Everyone knew that with the expiration of the mouth watering incentive to home buyers of an $8,000 tax credit that sales would fall, and when new home sales dropped 17% in May, forecasters were surprised as to the extent the sales slipped.

But that shock was minor in comparison to the news of May’s pending home sales (contracts signed). According to the National Association of Realtors, pending home sales took a massive nosedive, dropping 30% from April.

NAR reports that pending home sales are down 15.9% over this time last year when the real estate sector was just seeing signs of hitting bottom (which points to only one direction – up).

Now what?

National Association of Realtors’ chief economist Lawrence Yun said, “Consumers are rational and they rushed to meet the tax credit eligibility deadline in April. The sharp decline in contract signings in May is a natural result with similar low levels of sales activity anticipated in June.”

Mortgage rates hit a historic 50 year low, so perhaps this optimistic forecast could come true, but with forecasters falling short of predicting the impact of the tax credit expiration, the jury is still out.

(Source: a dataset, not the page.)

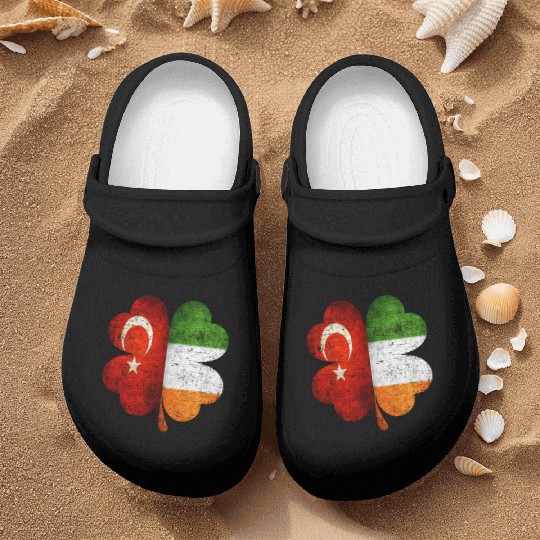 Turkish Irish Shamrock Turkey Ireland Flag Nurse Clogs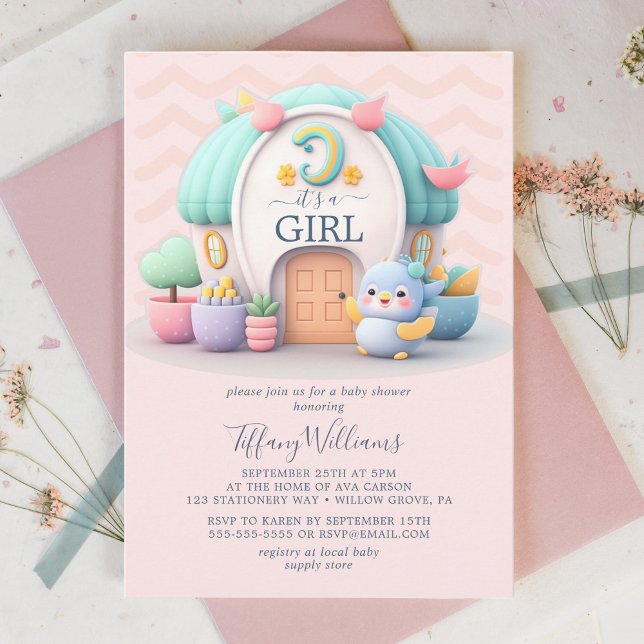 Små hus med drake Baby Shower Inbjudningar (Skapare uppladdad)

How do you think this news impacts the real estate sector? Is this a permanent, temporary or predictable setback?

CC Licensed image courtesy of Drake Goodman via

Tara Steele is the News Director at The American Genius, covering entrepreneur, real estate, technology news and everything in between. If you'd like to reach Tara with a question, comment, press release or hot news tip, simply click the link below.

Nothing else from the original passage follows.